Your answer is the lines below, exactly, from the one that contains "Asymmetric top. Black" through the one that contains "Mercedes-Benz E-Класс, 2019", both included.

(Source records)
/---
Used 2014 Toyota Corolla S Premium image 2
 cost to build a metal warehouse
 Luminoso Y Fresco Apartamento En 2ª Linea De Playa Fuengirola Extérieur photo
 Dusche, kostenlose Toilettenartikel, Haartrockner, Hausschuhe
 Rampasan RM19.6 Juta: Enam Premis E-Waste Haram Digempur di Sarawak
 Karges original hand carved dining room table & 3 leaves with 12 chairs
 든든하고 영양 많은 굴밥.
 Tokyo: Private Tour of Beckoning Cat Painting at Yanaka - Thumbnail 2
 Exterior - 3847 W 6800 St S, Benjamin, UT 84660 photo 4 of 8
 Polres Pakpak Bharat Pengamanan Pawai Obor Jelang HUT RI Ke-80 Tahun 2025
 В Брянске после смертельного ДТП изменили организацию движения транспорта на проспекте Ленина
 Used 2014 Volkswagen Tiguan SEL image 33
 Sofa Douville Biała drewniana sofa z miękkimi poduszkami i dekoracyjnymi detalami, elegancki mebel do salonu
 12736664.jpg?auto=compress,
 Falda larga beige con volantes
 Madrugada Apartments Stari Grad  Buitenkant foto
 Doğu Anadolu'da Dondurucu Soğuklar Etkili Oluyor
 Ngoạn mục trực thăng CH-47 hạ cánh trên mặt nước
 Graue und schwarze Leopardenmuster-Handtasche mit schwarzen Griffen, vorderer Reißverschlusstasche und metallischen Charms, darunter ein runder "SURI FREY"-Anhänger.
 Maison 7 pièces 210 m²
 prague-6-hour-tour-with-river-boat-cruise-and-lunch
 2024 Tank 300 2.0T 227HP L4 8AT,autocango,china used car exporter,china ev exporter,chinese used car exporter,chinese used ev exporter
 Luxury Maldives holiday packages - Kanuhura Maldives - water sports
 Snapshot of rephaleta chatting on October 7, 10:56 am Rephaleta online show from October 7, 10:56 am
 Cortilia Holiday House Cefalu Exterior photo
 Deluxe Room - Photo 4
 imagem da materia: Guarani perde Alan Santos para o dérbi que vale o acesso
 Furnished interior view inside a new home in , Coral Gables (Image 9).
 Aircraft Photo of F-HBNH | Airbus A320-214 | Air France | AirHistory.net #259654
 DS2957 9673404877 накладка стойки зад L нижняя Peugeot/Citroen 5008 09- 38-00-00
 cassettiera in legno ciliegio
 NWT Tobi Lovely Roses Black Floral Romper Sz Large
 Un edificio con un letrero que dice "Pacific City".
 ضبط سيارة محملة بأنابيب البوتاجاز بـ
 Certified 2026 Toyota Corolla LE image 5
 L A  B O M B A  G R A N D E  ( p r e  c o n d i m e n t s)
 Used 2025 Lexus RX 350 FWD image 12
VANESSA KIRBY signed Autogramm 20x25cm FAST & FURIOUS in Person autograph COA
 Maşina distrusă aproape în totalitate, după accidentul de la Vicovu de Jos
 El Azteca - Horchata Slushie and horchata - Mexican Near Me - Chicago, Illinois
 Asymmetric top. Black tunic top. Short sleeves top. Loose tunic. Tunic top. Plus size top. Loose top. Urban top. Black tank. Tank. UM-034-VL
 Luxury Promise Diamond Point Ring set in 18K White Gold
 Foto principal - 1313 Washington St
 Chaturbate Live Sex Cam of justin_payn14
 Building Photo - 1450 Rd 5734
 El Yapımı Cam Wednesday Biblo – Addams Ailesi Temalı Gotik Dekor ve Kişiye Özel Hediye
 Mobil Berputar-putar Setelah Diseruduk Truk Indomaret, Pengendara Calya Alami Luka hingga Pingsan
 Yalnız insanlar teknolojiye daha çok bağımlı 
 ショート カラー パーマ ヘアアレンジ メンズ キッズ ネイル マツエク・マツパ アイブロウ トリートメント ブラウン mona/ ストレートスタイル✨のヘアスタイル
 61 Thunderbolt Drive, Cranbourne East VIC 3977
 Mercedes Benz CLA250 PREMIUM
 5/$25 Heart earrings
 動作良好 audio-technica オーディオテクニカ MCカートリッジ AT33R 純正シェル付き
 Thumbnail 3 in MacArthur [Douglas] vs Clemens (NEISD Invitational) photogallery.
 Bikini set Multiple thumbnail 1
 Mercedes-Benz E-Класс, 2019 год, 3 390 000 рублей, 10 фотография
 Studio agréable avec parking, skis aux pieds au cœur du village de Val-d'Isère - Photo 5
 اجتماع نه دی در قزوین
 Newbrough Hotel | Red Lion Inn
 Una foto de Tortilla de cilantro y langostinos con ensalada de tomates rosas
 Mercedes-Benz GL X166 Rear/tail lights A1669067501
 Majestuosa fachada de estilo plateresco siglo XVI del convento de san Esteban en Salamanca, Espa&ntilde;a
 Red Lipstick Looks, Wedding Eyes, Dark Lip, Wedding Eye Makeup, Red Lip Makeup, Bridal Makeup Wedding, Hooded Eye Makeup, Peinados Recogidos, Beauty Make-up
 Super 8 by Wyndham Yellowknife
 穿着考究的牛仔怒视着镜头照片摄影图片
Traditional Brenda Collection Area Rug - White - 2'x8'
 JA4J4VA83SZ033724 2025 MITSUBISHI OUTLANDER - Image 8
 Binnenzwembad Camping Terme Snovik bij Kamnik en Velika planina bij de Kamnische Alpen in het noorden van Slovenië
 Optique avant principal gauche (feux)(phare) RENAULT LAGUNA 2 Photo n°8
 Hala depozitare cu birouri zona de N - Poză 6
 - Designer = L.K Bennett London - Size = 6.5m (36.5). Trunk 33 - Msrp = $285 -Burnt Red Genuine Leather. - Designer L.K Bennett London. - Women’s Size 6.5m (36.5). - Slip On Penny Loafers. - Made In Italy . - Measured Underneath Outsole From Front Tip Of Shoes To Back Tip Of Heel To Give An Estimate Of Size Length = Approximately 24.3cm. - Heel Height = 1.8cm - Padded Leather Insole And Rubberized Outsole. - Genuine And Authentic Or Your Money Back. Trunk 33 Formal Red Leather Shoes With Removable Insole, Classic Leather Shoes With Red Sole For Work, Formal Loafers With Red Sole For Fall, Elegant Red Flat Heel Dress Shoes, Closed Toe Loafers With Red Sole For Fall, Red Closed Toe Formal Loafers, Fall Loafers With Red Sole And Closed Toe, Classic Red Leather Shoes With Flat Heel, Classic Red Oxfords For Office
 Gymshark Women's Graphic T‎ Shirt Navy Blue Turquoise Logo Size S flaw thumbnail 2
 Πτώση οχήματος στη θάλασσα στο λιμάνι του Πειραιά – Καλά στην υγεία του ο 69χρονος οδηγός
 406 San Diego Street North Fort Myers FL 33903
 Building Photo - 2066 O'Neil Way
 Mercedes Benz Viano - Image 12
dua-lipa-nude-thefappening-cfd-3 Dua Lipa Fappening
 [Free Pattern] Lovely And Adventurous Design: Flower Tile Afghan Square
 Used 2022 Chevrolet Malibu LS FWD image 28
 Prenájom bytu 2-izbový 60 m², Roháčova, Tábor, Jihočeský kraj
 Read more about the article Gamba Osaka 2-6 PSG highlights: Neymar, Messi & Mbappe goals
\---
▸ **Result for this task**:
 Asymmetric top. Black tunic top. Short sleeves top. Loose tunic. Tunic top. Plus size top. Loose top. Urban top. Black tank. Tank. UM-034-VL
 Luxury Promise Diamond Point Ring set in 18K White Gold
 Foto principal - 1313 Washington St
 Chaturbate Live Sex Cam of justin_payn14
 Building Photo - 1450 Rd 5734
 El Yapımı Cam Wednesday Biblo – Addams Ailesi Temalı Gotik Dekor ve Kişiye Özel Hediye
 Mobil Berputar-putar Setelah Diseruduk Truk Indomaret, Pengendara Calya Alami Luka hingga Pingsan
 Yalnız insanlar teknolojiye daha çok bağımlı 
 ショート カラー パーマ ヘアアレンジ メンズ キッズ ネイル マツエク・マツパ アイブロウ トリートメント ブラウン mona/ ストレートスタイル✨のヘアスタイル
 61 Thunderbolt Drive, Cranbourne East VIC 3977
 Mercedes Benz CLA250 PREMIUM
 5/$25 Heart earrings
 動作良好 audio-technica オーディオテクニカ MCカートリッジ AT33R 純正シェル付き
 Thumbnail 3 in MacArthur [Douglas] vs Clemens (NEISD Invitational) photogallery.
 Bikini set Multiple thumbnail 1
 Mercedes-Benz E-Класс, 2019 год, 3 390 000 рублей, 10 фотография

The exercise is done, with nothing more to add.